Sunday, 14 March 2010

Windows 7 At VE3MPG

win7VE3MPG I’ve been using Windows 7 RC1 since the beginning of June last year. I installed it on my AMD64 3200+ Asus motherboard system with 2 gigs of ram. It was a fairly painless install at that point. I had 3 hard drives in the system and used the smallest as my Windows 7 test drive; completely wiping out the old XP Pro install and doing a fresh Windows 7 Ultimate 64 bit install. It was probably one of the easiest OS installs I’ve ever done. The RC (release candidate) detected all of the old hardware except the on board Asus wireless card. I installed a Trendnet wireless network card and all was well and working. All of my software worked just fine as well as some external hardware like a flat bed scanner, several USB external hard drives as well as several thumb drives.

windows-7-install1 This past week was install week at VE3MPG for 2 machines: my ham computer described above and my work machine – a AMD quad core system with 4 gigs of ram, 2 hard drives – a 500 gig OS drive and a 1 terabyte data drive, fast video, and wireless network card. This last system was newly built a few months ago and tested with the release candidate Windows 7 Ultimate 64 bit. With the official release version of Windows 7 many more drivers were made available and my ham shack system installed in less than half an hour; this time the on board wireless drivers installed. I purchased the 3 pack Home Premium version of Windows 7 as I find this is probably the best bang for the buck of the available versions of Win7. One can install either the 32 bit or 64 bit version to a maximum of 3 systems. If you’re not on a corporate network this version works just fine for home based networks.

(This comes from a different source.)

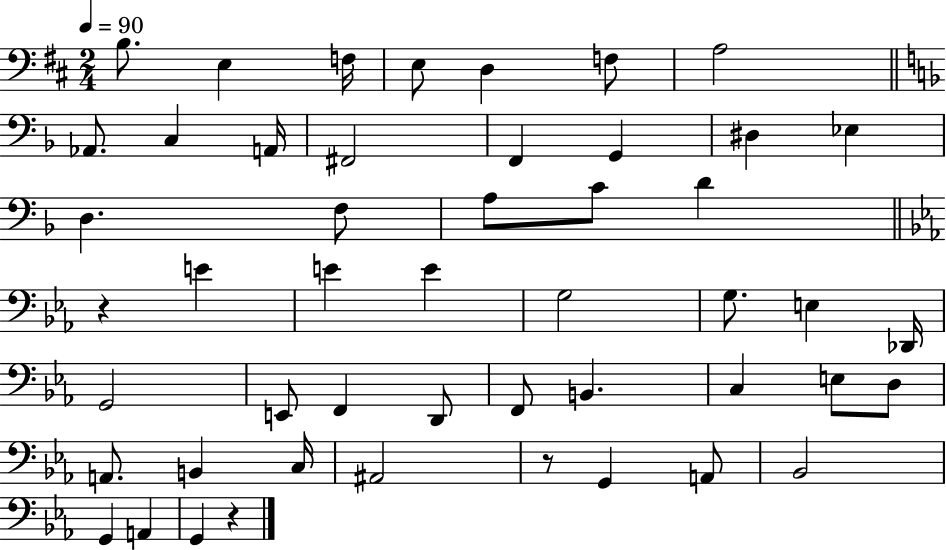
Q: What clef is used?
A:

I find that Windows 7 is snappier and just works faster than XP did on my ham station computer. All of my ham software works great – Ham Radio Deluxe, VE7CC’s DX cluster program and just about anything I’ve downloaded to do with amateur radio. All of my older legacy programs work fine as does my Keyspan (USA-19H) USB to serial port adapter. It all works just great. Boot up times seem to be about the same or slightly faster.

I really enjoy the desktop gadgets – some ham radio related that I’ll write about in another post. On my work system, the quad core machine, I installed Sun Microsystems’ VirtualBox and installed Windows XP Pro as a guest operating system, in case I do run into some non-functioning or XP only software. With VirtualBox you can run multiple operating systems on the desktop. XP in VirtualBox makes use of hardware, networking components and USB ports. VirtualBox supports Windows 7, Vista, XP, 2000, NT, Server 2003 + 2008, Windows XP, Ubuntu and many other Linux flavours. See the VirtualBox website for more information. VirtualBox hosts include Windows, Mac OS X, Linux and Solaris.

Microsoft provides a tool called Windows 7 Upgrade Advisor. You download, install and run it on your system – it will advise you if it’s realistic to run Windows 7 on your hardware and determine which hardware has new drivers or drivers not yet available. Microsoft updates the Upgrade Advisor regularly as new drivers are released by the manufacturers.

My ham station computer is going on 6 years old now but it’s running all of my software just fine on Windows 7. I’ll report later on other ham software compatibilities.